Quitters, Campers, & Climbers
Posted by Orrin Woodward on September 15, 2011
In the journey of life, a person has three choices before him. Does he quit, camp or climb? The answer to this question directs the rest of his outcomes. Here is a portion of my new book RESOLVED: 13 Resolutions for LIFE. Which of the three choices have you picked? Sincerely, Orrin Woodward
Doctor Paul Stoltz describes three types of people. All of them begin in the valley staring up at the mountain of life with the inborn urge to climb. The three types are: Quitters, Campers and Climbers. There are billions of people in the world who are made for the climb, and yet the mountaintop remains practically empty. What happens to all of life’s mountain climbers? Most of them end up compromising what they truly want for what is immediately available, unwilling to endure the painful climb, becoming given-ups, instead of grownups.
Quitters see the mountain with its jagged cliffs, threatening storms and endless paths as dangerous, deciding to pass on the climb entirely, avoiding the PDCA process rather than risk failure. But through denying their God-given urge to climb they make major compromises in their life. Quitters are typically people who entertain themselves to death, escaping into drugs, sex, or other non-contributing time consuming activities. They keep themselves busy doing mindless activities in order not to confront the mountain they are doing everything to avoid climbing. Regrettably, they suffer the worst pain of all—the pain of regret – for a life spent in a service to self, not others. Quitters lead compromised lives, selling out convictions for conveniences. However, when confronted with the truth of their pitiable lives, they obfuscate the facts, attempting to justify the unjustifiable: a completely wasted life. The worst quitters, those having no remaining conscience, actually solicit others to join their lamentable condition.
Campers, on the other hand, start climbing the mountain through using the PDCA process. They are excited about the opportunities present on the mountainside, beginning life’s climb enthusiastically. However, at some point, through a combination of success already achieved and the pain associated with further climbing, they cease the PDCA process, compromising their ideals, and selling out their courage for the comfort of camp.
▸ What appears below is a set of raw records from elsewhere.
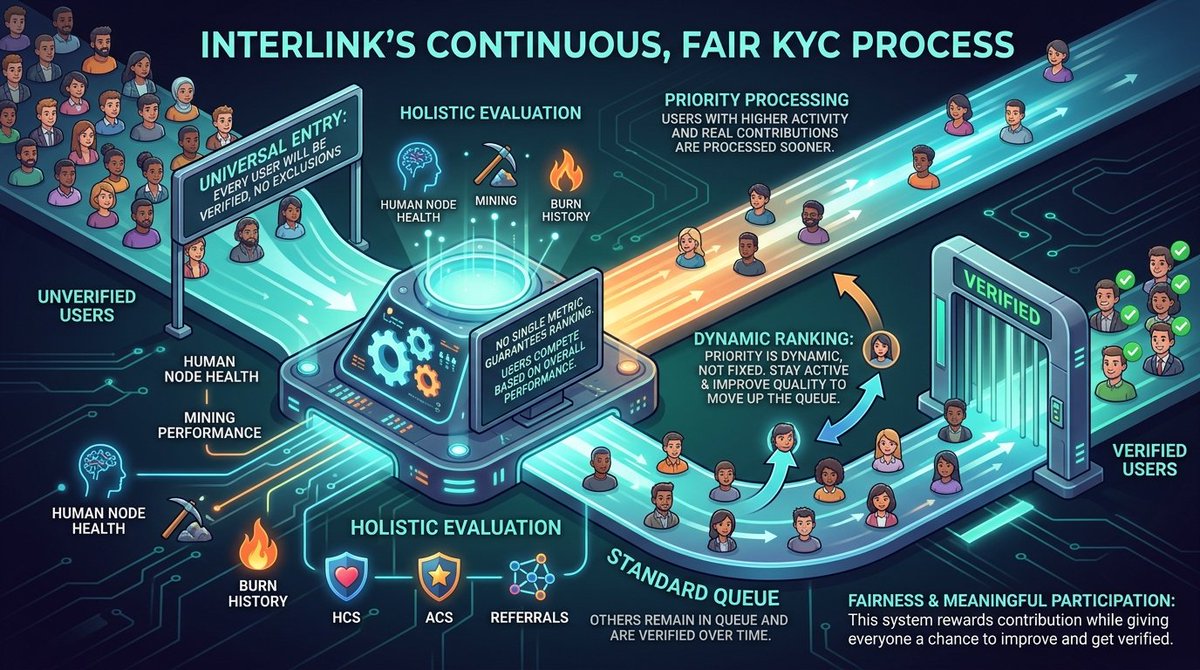 KYC priority evolves dynamically at InterLink. Strong activity, performance, and contribution boost your ranking. Everyone gets verified—keep building to get processed sooner.
 #InterLink #ITLG #ITL #ITLX #KV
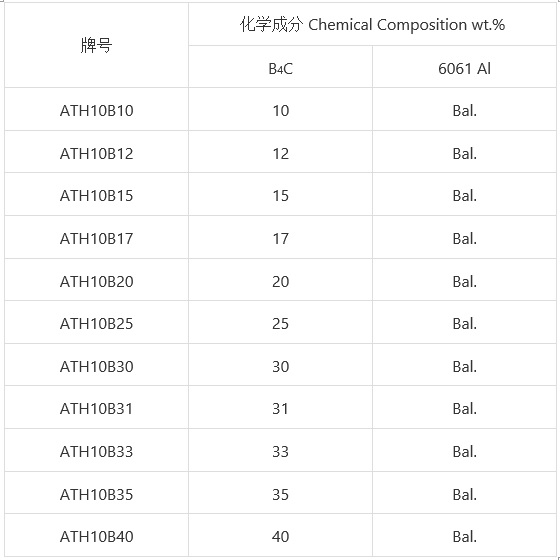 6061表格.jpg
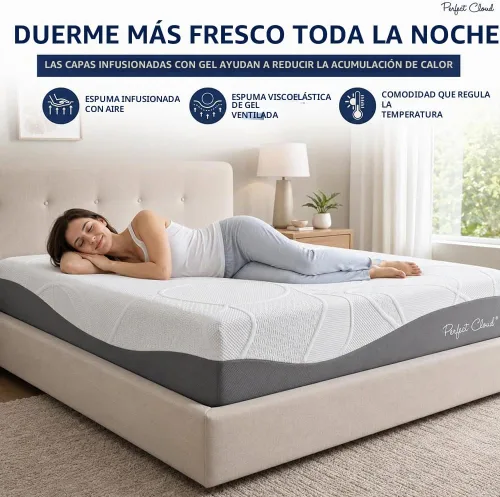 Vista 3 de Colchón de espuma de memoria Gel-Max UltraPlush de 10 pulgadas, diseño chulo, de Perfect Cloud, Memory Foam, Blanco, gris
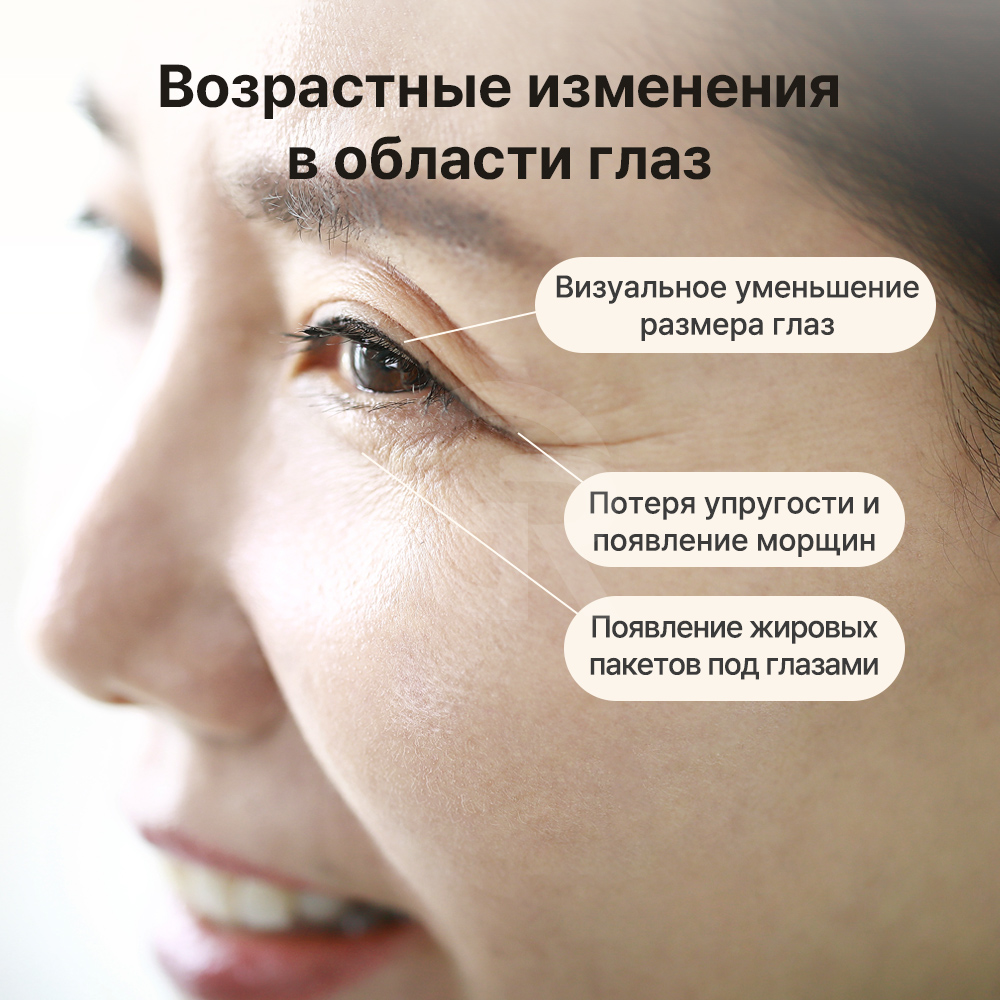 С возрастом глаза могут выглядеть меньше и тяжелее из-за опущения век и бровей.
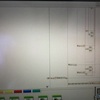 今日はネストロボコンの反省会をしました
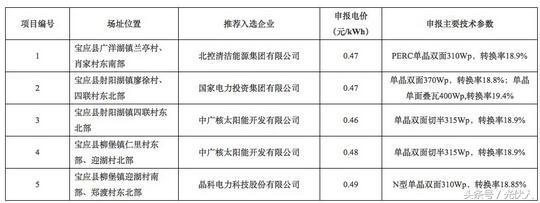 收藏！农户光伏系统施工指导书及方案（长文）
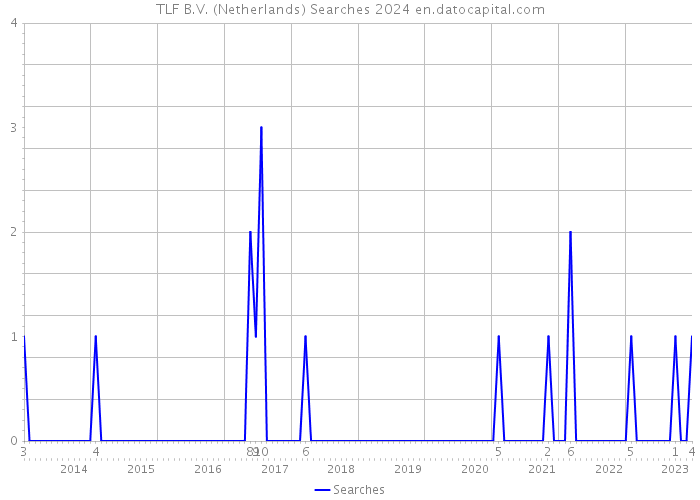 TLF B.V. (Netherlands) Searches 2024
They may achieve a nice mountain view, but their best days are behind them, surrendering their future for doing “pretty good”. Although campers know the price of the climb, they are unwilling to pay it any longer. They may convince themselves that they are only resting for a season, but few will ever break camp again. Some of the most talented people are content in camp having achieved a good lifestyle, fooling themselves that this is more important than their purpose. Don’t misread this, everyone needs a break once in awhile to refresh, but not one for the rest of his life. Take a vacation when needed, but a person should never compromise his calling for his comforts. Vacations end, but one’s purpose only ends with his life.
Lastly is the group of Climbers. These are people who refuse to compromise their calling and convictions deciding to press on with their PDCA processes as far as they can go no matter how painful the climb. They know they were called to climb the mountain and are willing to do the work in order to accomplish it. Climbers are a rare breed since they understand that life isn’t about obtaining the best spot in camp or gathering the most items into the tent. Life is about purpose; it’s about the climb. Climbers have learned one of the keys to a happy life is fulfilling one’s purpose, becoming who he was intended to be, not necessarily through reaching the top, but through the constant effort to improve. A true climber battles his mountain, and in the process, he conquers himself. A climber’s journey leaves a path for others to follow in pursuit of their purpose, and it allows the climber to teach others the lessons he has learned through life’s mountain climb.
Each person must make his own decision while staring at life’s mountain. Will he quit, camp, or climb? If he chooses to climb, the PDCA process will be an invaluable aid in his journey to improve, helping him to learn life’s lessons, so that he can pass them onto others. This is what true success in life is all about.